The next step in writing our SS program is to use the private wrapper template. And look, that nice
TA has already put the typedef in block.hpp for you! Now all you need
to do is replace all the instances of your block_t type with private_block_t type.
Now every method call on a block object needs to be modified to use
the wrapper interface. For now, we will just be using call to get our code working, and we will add delegate in the next step. Note that constructor calls should work
unmodified. Other methods must be called through the wrapper method
call. A call that looks like this:
int bytes_written = block.output(outFile);
should be modified to look like this:
int bytes_written = block.call (&block_t::output, hOutfile);
The first argument to call should be a C++ method pointer to the
method in the underlying class (note that we use block_t and *not*
private_block_t). Next, the arguments should be passed in the same
order as the original method call. Return values work as normal.

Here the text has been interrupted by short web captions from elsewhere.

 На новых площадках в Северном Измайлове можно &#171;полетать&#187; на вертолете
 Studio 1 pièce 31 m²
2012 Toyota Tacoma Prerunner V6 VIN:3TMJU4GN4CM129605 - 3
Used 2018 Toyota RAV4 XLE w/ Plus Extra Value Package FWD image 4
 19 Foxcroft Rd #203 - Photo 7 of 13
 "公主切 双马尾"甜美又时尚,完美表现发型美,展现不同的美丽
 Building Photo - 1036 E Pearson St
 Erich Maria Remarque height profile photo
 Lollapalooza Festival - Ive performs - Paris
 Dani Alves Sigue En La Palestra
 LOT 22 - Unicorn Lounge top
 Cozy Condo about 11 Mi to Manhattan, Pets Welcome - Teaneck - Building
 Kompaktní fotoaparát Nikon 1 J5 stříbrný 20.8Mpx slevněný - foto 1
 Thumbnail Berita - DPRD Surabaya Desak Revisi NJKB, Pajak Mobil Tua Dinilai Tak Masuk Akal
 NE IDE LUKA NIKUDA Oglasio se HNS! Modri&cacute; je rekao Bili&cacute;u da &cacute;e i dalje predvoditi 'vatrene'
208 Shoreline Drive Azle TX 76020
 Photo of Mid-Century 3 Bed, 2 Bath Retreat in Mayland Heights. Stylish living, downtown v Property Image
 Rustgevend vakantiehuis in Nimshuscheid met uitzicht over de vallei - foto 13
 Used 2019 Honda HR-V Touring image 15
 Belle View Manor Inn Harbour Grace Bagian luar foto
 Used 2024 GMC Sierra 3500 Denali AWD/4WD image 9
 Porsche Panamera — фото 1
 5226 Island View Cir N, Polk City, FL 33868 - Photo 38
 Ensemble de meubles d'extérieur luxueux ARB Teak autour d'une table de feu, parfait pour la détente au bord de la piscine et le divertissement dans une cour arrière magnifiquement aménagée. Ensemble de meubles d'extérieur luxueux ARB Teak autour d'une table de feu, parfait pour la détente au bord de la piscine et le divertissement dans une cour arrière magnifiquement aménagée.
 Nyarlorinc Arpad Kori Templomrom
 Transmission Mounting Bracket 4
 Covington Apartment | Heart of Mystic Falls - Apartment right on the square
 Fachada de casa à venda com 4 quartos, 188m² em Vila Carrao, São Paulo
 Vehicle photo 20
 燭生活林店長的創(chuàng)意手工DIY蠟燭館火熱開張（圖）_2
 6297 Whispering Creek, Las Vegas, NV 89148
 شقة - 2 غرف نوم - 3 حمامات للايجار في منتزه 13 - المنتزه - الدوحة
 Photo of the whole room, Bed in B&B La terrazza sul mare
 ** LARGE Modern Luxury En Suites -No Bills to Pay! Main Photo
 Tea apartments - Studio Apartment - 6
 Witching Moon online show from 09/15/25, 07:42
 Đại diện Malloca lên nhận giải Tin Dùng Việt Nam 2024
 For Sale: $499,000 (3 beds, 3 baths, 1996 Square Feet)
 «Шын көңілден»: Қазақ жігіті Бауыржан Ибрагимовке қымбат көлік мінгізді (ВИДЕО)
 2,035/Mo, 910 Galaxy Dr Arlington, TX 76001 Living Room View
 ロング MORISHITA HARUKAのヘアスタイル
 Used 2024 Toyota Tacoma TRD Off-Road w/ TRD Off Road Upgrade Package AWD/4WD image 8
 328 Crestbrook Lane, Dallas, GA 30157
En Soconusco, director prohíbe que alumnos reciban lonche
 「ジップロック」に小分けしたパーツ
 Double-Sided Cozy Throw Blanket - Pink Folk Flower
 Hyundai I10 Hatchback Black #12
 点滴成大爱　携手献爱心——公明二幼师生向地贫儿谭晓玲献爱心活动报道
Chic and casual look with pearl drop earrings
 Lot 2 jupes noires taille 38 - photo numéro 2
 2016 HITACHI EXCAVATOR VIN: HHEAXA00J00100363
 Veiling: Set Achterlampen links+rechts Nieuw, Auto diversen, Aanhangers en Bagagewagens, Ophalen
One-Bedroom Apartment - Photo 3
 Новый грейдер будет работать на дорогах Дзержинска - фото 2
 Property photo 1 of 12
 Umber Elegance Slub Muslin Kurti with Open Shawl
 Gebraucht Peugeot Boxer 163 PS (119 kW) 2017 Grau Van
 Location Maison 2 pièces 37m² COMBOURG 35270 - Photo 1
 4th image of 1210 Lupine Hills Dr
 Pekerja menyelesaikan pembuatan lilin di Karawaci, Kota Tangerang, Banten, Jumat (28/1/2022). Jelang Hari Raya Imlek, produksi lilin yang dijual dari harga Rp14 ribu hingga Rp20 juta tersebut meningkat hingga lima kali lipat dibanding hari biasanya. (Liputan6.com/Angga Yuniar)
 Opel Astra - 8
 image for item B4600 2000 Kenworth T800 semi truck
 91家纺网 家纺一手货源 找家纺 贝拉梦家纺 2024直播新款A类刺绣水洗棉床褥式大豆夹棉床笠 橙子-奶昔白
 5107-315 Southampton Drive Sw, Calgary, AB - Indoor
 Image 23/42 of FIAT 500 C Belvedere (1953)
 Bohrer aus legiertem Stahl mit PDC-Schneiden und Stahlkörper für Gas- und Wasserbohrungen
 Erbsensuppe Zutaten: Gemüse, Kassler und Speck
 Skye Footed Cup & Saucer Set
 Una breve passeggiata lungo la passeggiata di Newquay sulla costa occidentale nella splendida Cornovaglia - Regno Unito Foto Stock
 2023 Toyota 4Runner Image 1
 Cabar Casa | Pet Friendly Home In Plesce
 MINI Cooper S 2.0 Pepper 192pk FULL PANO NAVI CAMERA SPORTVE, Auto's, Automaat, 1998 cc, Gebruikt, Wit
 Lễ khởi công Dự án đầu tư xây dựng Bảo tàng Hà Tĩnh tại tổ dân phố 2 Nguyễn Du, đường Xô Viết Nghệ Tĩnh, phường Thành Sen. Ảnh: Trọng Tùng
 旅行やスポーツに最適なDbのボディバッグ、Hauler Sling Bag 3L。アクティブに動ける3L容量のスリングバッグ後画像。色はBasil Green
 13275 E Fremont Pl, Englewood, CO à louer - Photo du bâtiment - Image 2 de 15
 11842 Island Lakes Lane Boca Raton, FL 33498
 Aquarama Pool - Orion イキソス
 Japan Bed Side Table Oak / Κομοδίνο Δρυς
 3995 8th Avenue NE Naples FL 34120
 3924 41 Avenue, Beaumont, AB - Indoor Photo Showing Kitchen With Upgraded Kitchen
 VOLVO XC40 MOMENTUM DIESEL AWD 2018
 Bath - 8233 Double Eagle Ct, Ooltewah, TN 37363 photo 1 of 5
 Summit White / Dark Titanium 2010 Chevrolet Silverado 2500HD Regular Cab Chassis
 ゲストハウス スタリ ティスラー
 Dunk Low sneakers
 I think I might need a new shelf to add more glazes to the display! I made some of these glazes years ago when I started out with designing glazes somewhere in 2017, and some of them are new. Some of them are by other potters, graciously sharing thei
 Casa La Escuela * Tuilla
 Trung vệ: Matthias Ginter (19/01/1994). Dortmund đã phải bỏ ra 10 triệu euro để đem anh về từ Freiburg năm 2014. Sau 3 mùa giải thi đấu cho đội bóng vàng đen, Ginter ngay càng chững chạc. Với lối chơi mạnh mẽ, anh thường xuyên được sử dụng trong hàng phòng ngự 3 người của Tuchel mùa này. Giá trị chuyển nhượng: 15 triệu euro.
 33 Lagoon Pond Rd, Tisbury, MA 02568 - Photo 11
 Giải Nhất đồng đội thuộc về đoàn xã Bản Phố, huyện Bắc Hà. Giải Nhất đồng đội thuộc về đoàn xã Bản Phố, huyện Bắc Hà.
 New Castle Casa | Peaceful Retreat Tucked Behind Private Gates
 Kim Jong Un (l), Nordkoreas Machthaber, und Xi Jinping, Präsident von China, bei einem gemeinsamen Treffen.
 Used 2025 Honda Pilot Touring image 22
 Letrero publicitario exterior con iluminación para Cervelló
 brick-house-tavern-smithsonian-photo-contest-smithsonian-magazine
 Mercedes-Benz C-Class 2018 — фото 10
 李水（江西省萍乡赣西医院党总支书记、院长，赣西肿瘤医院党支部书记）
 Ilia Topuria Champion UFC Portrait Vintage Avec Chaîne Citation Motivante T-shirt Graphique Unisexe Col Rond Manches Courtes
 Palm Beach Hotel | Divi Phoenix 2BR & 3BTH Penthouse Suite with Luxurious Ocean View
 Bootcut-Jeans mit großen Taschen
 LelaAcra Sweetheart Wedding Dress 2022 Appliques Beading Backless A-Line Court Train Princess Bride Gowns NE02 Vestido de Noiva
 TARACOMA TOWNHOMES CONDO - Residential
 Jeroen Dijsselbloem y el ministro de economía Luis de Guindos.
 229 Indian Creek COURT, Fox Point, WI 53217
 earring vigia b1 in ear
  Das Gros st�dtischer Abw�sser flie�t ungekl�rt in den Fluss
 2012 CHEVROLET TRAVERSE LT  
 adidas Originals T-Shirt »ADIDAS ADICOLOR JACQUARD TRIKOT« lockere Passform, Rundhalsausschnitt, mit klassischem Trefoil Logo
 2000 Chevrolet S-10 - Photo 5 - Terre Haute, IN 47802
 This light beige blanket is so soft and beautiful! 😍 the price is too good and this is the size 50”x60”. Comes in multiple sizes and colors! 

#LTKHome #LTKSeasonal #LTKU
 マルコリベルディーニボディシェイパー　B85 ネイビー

Once you've verified this version is working, we'll proceed to the
next step: parallel execution!
Problem 5: Delegating the compress method.
At last, it's time to get to parallel execution and speedups. You
should have a method that causes block objects to be compressed. If
you've coded your class correctly, invocations of this method on
different objects should be independent. This is the source of
parallelism we will exploit in bzip2.
First, you need to surround the outermost loop that compresses
the file with calls to prometheus::begin_nest
() and prometheus::end_nest ().
Furthermore, you should also add prometheus::end_nest () on the exceptional exit
paths from the method. Calls to begin_nest() tell the runtime to
start expecting delegated method calls. Calls to end_nest() tell the
runtime that delegation has finished and create a barrier until all
delegated methods complete.
If everything's working correctly now, you should be able to change the
call of your compress method to delegate. At this point, if your program still
works, you should see some significant speedups.
If your program doesn't work, you need to review your code. Does your
compress method touch any state that's not private to the object?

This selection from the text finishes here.